Start of Block

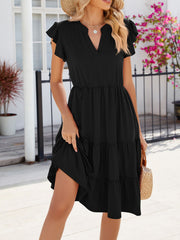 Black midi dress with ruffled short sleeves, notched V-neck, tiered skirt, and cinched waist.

End of Block
Start of Block

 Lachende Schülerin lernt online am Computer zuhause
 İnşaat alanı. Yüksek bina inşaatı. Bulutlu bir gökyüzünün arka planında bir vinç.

End of Block

How to complete this task: Everything from the line with "Lachende Schülerin lernt" through the line with "İnşaat alanı. Yüksek" in the listing above must be retyped exactly, with nothing added.

Solution for this problem:
 Lachende Schülerin lernt online am Computer zuhause
 İnşaat alanı. Yüksek bina inşaatı. Bulutlu bir gökyüzünün arka planında bir vinç.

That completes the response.